§ Assigned task:
For the entries below, the result should be an exact transcription of the lines from the one with "İnandığımız yoldan vazgeçmeden, omuz" up to and including the one with "#KademeSusmayacak", and only those.

*** Data in this exercise Section Begins ***

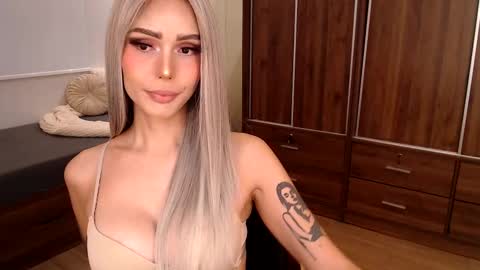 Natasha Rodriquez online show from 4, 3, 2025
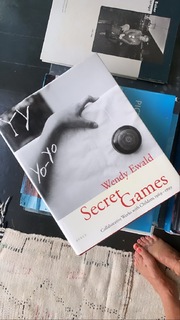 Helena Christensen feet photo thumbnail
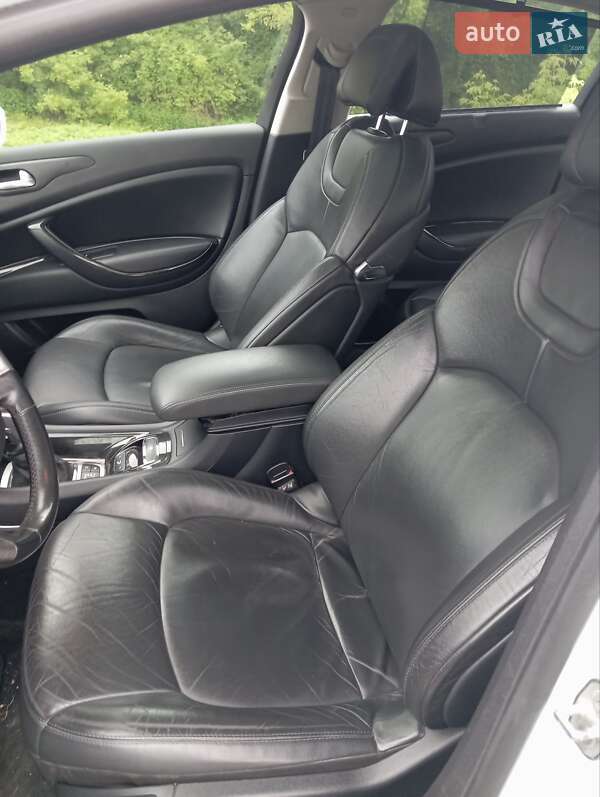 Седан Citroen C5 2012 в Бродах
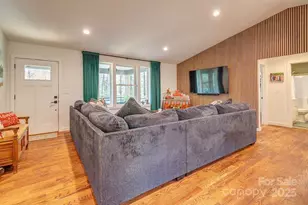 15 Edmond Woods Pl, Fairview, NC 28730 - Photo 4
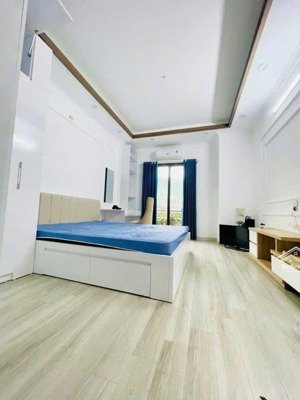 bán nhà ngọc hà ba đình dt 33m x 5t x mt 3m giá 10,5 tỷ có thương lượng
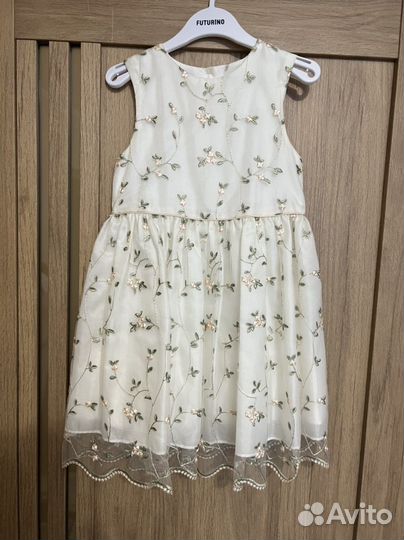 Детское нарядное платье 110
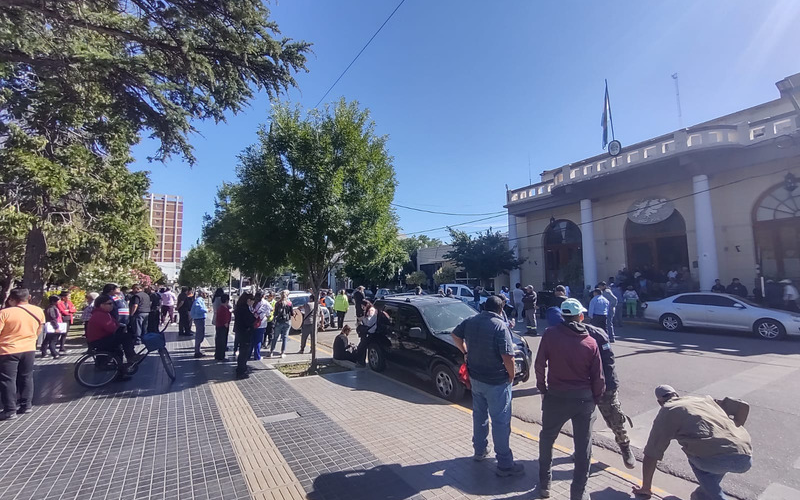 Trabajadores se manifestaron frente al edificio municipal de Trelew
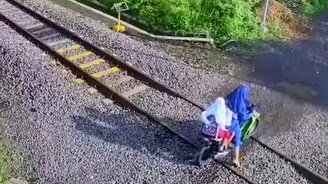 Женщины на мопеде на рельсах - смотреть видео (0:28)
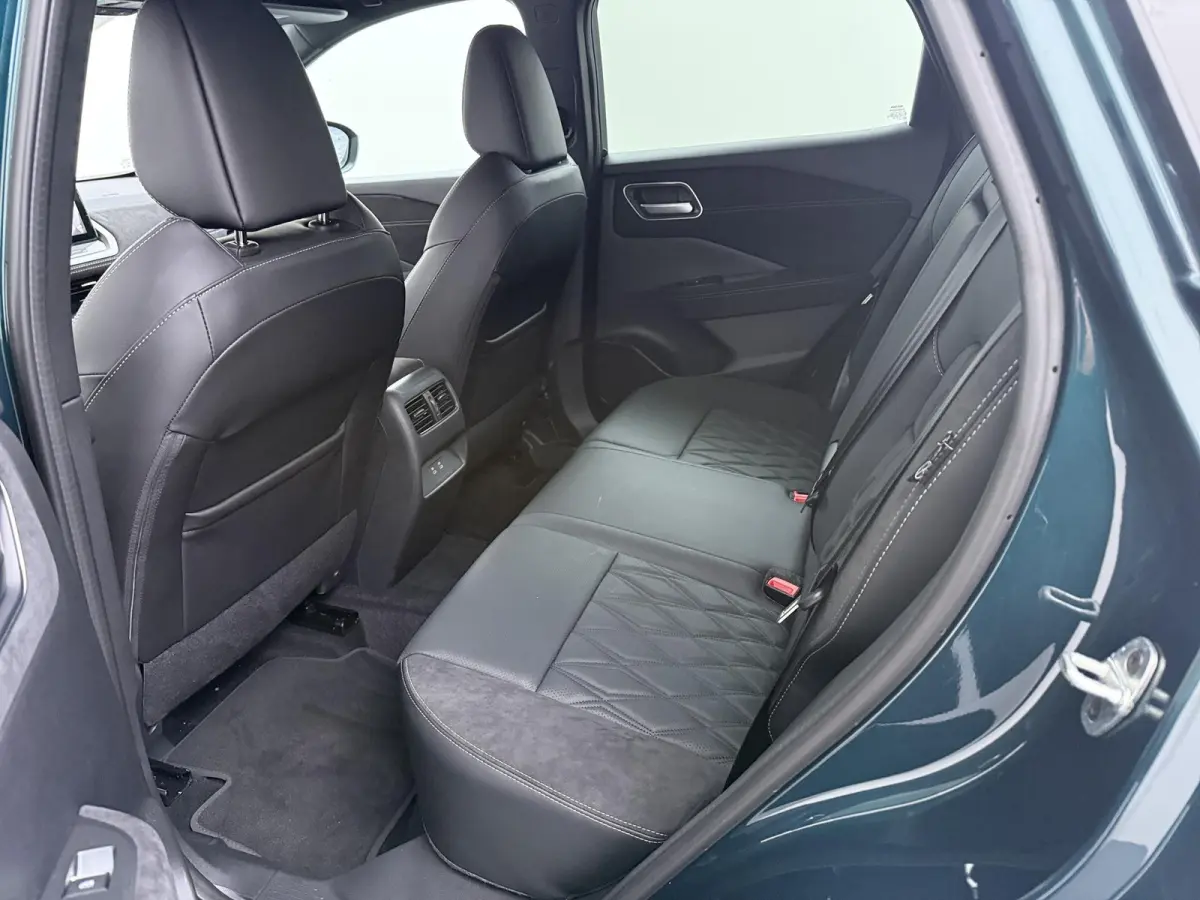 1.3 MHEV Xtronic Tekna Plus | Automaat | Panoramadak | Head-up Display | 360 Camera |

*** Data in this exercise Section Ends ***
*** Data in this exercise Section Begins ***

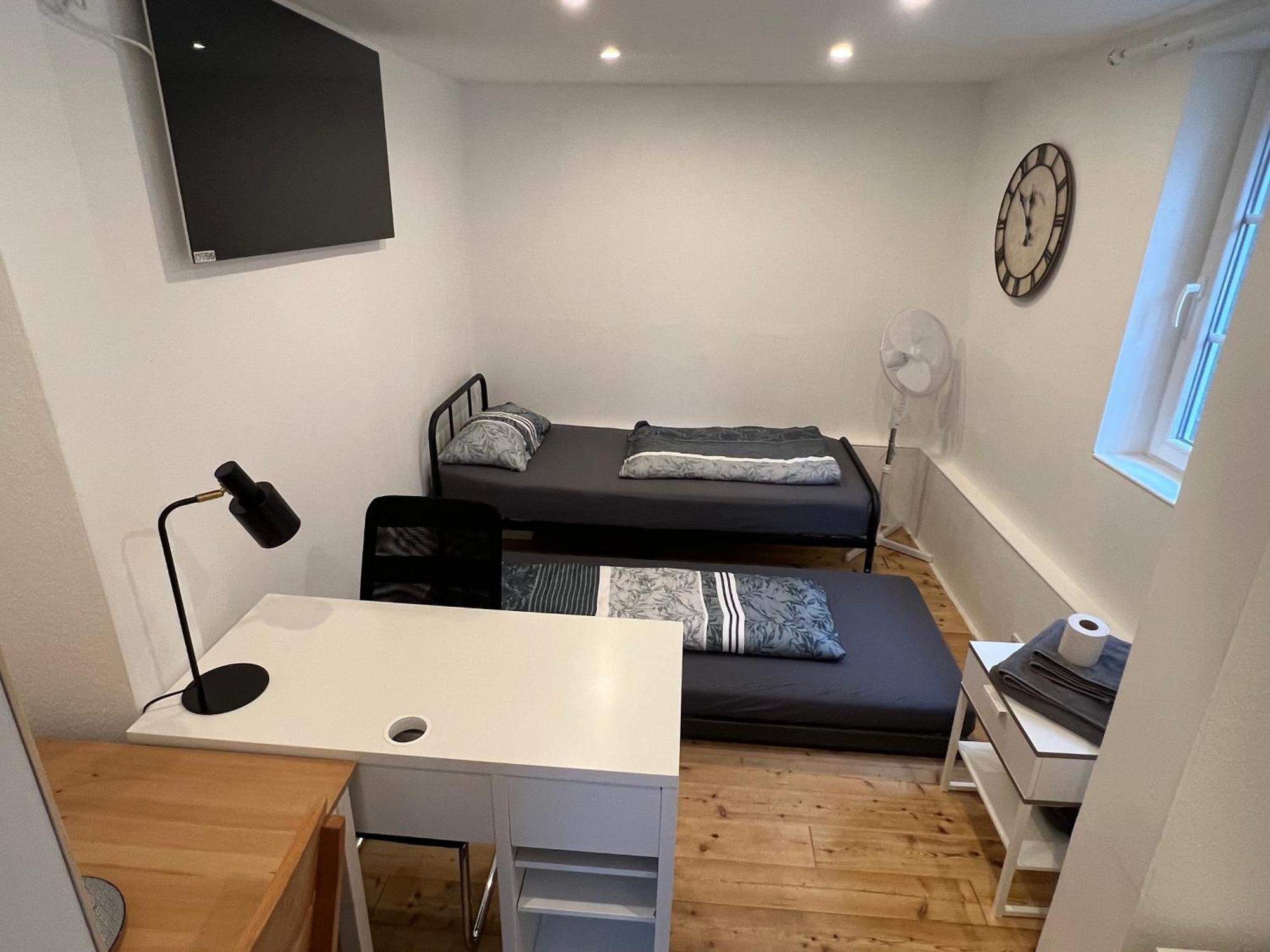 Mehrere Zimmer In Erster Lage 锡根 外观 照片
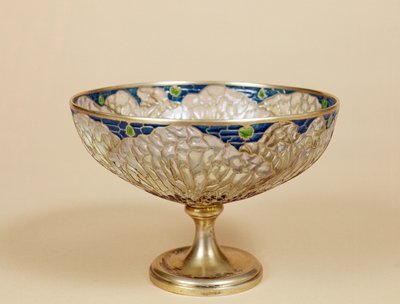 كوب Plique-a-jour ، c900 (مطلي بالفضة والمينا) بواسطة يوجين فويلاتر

*** Data in this exercise Section Ends ***
*** Data in this exercise Section Begins ***

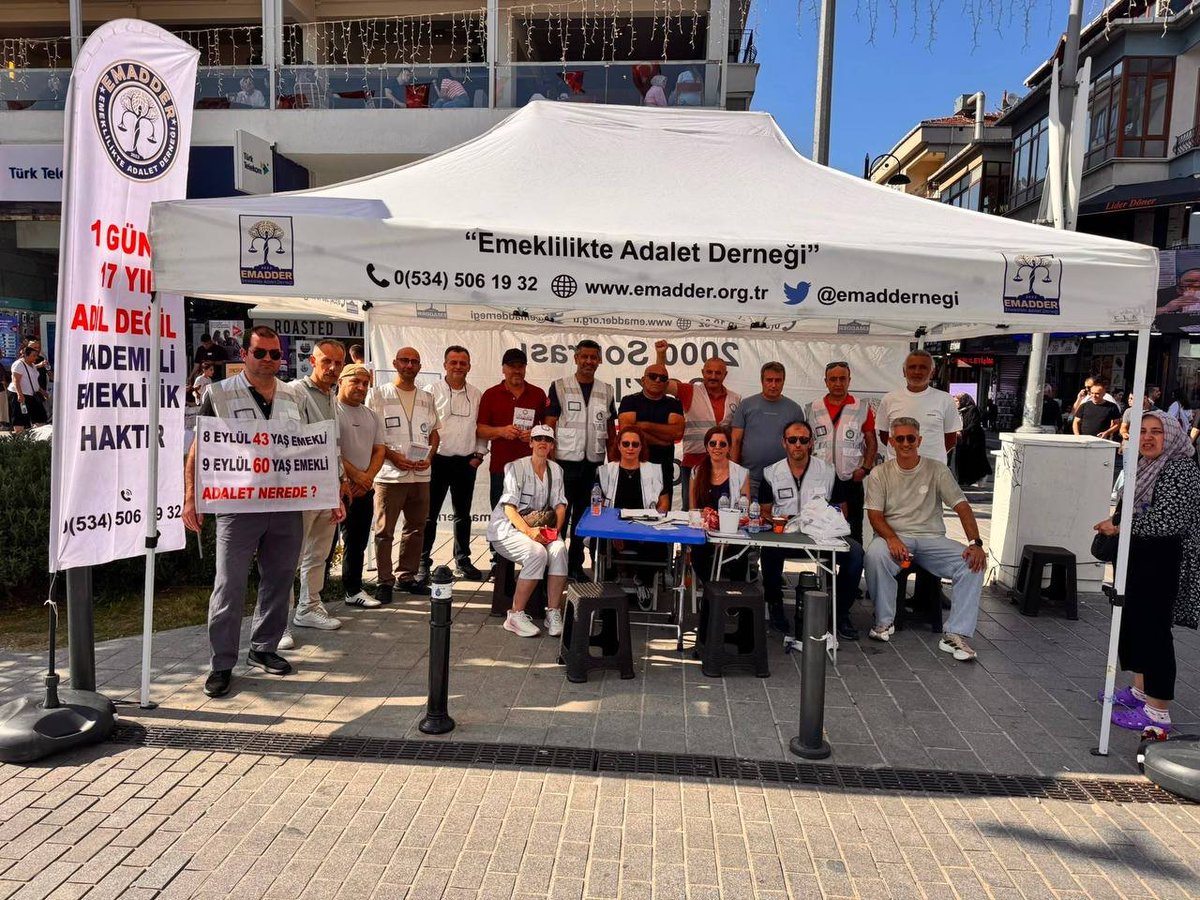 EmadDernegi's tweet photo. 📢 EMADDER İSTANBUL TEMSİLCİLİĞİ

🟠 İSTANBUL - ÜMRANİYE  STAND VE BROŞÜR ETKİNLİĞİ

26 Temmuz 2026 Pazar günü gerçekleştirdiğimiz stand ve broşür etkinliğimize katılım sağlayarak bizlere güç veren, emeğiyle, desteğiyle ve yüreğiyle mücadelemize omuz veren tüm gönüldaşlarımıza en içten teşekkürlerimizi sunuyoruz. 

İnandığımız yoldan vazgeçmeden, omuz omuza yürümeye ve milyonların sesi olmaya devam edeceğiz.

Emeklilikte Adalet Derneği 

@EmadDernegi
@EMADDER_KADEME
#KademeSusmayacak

*** Data in this exercise Section Ends ***

§ Solution for this task:
İnandığımız yoldan vazgeçmeden, omuz omuza yürümeye ve milyonların sesi olmaya devam edeceğiz.

Emeklilikte Adalet Derneği 

@EmadDernegi
@EMADDER_KADEME
#KademeSusmayacak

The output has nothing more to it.